Bearing in mind that 81 of the organic act is but one of a hundred sections, all of which are entitled to equal respect, it is evident that to obtain a comprehensive view of the intention of Congress we are bound to consider the whole act so far as it relates to the disposition of judicial power. To segregate 81 from all the other provisions of the act must necessarily result in giving it undue prominence.

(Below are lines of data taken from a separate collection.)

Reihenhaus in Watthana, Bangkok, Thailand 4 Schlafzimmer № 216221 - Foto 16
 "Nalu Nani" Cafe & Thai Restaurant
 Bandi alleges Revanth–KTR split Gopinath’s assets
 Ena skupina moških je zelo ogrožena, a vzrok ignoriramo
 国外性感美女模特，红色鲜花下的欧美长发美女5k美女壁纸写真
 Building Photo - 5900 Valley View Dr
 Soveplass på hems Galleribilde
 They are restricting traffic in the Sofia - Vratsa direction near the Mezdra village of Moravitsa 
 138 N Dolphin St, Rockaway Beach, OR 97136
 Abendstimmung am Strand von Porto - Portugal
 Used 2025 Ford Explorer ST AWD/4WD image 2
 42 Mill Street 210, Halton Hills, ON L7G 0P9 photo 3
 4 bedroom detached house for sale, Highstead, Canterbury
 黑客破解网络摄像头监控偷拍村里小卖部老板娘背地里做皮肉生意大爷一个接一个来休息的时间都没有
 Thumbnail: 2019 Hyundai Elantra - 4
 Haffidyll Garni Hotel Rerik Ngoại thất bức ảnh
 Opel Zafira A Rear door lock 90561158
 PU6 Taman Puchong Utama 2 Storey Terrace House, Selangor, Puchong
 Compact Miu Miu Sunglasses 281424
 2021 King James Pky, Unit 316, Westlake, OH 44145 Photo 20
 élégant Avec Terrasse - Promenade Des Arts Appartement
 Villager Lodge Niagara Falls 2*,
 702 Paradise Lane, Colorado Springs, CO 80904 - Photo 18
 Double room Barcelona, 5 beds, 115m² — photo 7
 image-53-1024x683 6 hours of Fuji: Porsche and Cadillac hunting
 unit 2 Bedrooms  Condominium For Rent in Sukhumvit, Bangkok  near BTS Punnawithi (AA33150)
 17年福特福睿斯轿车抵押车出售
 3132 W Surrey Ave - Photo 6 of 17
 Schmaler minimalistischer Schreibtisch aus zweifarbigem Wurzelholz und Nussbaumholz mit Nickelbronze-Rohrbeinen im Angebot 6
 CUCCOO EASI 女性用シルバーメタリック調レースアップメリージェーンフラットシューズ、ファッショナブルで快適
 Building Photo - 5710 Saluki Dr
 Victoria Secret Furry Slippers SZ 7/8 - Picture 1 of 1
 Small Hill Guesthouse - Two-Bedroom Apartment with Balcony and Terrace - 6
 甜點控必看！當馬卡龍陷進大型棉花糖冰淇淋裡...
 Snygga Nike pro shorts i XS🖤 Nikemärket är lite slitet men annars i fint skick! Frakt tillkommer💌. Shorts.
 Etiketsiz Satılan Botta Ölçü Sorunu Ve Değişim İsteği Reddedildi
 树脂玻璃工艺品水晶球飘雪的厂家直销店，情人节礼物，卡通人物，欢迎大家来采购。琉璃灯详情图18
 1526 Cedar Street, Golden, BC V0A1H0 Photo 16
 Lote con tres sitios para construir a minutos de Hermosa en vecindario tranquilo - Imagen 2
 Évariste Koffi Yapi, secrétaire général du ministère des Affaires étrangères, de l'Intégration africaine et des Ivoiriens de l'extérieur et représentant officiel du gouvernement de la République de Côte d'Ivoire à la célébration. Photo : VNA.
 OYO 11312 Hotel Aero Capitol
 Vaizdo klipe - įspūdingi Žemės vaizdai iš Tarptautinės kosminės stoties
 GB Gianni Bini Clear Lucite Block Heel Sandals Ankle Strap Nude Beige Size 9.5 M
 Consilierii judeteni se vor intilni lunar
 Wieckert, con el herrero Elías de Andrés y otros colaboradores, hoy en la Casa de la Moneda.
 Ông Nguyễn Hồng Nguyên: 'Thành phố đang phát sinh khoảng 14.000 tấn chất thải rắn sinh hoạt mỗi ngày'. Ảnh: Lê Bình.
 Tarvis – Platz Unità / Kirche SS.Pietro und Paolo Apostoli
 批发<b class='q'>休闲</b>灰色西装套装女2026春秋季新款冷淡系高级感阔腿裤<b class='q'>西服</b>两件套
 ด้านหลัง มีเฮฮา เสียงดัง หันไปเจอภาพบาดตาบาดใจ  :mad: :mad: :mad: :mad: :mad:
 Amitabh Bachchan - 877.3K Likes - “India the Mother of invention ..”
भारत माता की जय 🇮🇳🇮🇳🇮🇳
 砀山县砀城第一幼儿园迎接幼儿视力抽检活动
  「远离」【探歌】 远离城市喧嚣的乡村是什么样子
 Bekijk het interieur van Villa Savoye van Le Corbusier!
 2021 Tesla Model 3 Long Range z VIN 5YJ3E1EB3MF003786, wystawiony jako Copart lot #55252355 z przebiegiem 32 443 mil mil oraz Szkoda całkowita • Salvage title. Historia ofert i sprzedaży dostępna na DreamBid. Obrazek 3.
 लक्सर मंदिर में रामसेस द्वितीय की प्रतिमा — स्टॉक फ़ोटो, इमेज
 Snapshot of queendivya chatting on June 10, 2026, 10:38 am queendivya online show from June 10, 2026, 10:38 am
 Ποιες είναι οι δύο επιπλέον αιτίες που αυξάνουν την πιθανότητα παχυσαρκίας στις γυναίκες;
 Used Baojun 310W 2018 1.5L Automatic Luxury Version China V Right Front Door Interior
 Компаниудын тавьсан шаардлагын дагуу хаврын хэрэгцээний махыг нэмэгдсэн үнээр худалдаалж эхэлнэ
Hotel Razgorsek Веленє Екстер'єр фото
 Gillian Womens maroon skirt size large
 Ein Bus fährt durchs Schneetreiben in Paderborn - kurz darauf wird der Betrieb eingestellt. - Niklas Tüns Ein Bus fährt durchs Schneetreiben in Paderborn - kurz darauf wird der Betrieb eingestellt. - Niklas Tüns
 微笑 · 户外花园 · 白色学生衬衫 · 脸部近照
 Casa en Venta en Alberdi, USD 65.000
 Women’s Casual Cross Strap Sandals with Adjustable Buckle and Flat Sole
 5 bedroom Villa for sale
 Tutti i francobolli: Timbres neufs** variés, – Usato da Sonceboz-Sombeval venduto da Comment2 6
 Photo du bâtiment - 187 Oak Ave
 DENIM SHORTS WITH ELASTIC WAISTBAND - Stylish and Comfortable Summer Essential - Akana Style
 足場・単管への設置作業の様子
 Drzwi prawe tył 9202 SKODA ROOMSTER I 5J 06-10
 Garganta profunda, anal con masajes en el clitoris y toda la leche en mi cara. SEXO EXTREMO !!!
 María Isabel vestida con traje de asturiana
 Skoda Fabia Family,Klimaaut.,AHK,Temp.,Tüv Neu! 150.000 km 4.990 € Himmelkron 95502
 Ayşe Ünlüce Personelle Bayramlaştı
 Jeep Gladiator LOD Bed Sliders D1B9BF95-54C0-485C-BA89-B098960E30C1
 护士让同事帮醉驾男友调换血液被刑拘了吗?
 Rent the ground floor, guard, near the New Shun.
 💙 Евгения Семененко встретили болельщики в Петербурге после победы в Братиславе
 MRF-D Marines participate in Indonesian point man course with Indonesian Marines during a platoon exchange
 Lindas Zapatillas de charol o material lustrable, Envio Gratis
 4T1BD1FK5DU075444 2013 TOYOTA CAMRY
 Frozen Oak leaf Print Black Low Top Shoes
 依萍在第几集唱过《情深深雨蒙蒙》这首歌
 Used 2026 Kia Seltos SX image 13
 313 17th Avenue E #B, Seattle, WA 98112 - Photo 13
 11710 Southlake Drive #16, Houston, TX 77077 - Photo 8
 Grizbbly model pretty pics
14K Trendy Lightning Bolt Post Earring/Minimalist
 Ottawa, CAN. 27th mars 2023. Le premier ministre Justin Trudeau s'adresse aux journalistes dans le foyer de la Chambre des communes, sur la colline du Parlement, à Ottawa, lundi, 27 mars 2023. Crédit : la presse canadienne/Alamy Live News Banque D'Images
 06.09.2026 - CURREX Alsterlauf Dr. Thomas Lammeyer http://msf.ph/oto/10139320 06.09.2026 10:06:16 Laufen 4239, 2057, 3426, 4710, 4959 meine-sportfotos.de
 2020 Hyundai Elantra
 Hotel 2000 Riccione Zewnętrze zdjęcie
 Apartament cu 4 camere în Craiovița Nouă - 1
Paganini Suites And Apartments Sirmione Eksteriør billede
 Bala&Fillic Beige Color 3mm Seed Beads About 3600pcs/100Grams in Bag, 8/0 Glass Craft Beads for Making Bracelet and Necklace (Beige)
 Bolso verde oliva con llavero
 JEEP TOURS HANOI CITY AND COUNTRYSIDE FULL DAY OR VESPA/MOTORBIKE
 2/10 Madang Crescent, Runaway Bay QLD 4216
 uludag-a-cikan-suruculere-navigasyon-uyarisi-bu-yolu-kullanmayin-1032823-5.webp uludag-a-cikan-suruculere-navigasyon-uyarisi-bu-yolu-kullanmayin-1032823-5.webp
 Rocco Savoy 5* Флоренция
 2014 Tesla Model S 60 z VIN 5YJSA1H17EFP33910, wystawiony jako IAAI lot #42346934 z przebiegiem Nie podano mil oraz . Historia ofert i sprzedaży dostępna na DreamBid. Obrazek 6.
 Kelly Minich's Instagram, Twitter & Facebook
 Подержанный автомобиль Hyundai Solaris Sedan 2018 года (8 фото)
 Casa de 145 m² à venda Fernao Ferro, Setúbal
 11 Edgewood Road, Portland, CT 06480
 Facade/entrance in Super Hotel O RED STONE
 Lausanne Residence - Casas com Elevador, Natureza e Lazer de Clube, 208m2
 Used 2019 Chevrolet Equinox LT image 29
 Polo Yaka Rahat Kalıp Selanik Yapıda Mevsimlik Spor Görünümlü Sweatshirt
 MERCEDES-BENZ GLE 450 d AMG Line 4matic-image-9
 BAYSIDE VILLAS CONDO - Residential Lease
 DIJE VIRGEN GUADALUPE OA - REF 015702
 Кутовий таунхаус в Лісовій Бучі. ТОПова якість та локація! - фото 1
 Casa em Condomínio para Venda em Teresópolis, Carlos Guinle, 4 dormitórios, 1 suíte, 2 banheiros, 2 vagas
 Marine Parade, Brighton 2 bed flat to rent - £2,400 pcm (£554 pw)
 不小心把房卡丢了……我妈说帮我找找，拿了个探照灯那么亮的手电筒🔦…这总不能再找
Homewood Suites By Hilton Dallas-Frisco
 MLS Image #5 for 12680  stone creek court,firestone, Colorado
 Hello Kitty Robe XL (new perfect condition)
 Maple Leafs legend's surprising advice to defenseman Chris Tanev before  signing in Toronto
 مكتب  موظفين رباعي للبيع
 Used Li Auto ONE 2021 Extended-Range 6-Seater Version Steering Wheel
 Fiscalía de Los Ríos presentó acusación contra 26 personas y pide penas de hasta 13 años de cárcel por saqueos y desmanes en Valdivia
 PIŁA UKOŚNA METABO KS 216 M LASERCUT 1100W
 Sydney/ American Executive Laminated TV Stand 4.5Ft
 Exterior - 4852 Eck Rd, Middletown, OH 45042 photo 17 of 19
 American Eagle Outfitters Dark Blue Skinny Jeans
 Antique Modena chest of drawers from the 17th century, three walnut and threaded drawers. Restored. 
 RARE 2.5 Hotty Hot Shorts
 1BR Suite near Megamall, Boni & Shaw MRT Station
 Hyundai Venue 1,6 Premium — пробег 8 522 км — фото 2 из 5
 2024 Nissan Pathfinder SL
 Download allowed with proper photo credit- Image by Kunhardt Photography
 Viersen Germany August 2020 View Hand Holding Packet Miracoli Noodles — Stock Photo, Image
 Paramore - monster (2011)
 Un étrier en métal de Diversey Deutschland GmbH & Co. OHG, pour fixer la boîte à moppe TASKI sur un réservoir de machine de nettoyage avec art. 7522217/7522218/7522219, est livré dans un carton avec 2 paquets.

By 6 'the laws of Hawaii not inconsistent with the Constitution or laws of the United States, or the provisions of this act, shall continue in force, subject to repeal or amendment by the legislature of Hawaii, or the Congress of the United States.' By 7 the Constitution of the Republic of Hawaii and a large number of its laws, specially enumerated, are repealed; but the statutes giving probate and equity jurisdiction to the circuit courts are not mentioned.
By 10 all actions at law, suits in equity, and other proceedings then pending in the courts of the Republic of Hawaii shall be carried on to final judgment and execution in the corresponding courts of the territory of Hawaii. As petitioner, Carter, was appointed guardian of the minor's estate in 1899 by the then judge of the first circuit, and was still proceeding to wind up the estate, we think the petition for his removal was filed in a pending proceeding within the meaning of this section.
Now, as it appears that the powers of judges at chambers had been fixed since 1892, eight years before the organic act was passed, that by 6 and the final clause of 81 the laws of Hawaii theretofore in force concerning the several courts and their jurisdiction and procedure were continued in force, except as therein otherwise provided, it would seem that these provisions were especially intended to apply to cases like the present, where a system of procedure which had previously existed was recognized as valid and still existing. In Hawaii v. Mankichi, 190 U.S. 197 , 47 L. ed. 1016, 23 Sup. Ct. Rep. 787, a similar provision in the resolu- [197 U.S. 348, 355] tion of annexation was held not to abrogate a system of trials by information and convictions by a non-unanimous jury, as applied to cases prior to the organic act of April 30, 1900.
But we do not think it necessary to go further than 81 itself to find authority for a recognition of the laws previously existing in Hawaii concerning the constitution of its courts and their method of procedure. Whether a petition to a circuit court acting as a court of probate shall be addressed to and passed upon by the judge while sitting in court at chambers is, after all, much more a matter of form than of substance. Com. v. McLaughlin, 122 Mass. 449. The petition for the removal of the guardian in this case is entitled: 'In the Circuit Court of the First Judicial Circuit, Territory of Hawaii. In Probate. At Chambers.' It appears to have been heard by the circuit judge without a jury, his decision being entitled 'Before a Judge of the Circuit Court, of the First Circuit, Territory of Hawaii.' It must doubtless be treated as a proceeding at chambers, but, for reasons already given, we think the power to act of chambers was saved by 81 continuing in force the previous laws of Hawaii concerning the courts and their procedure. It would be too narrow a construction to hold that this did not include the procedure before judges of those courts sitting at chambers.
The decree dismissing the writ is affirmed.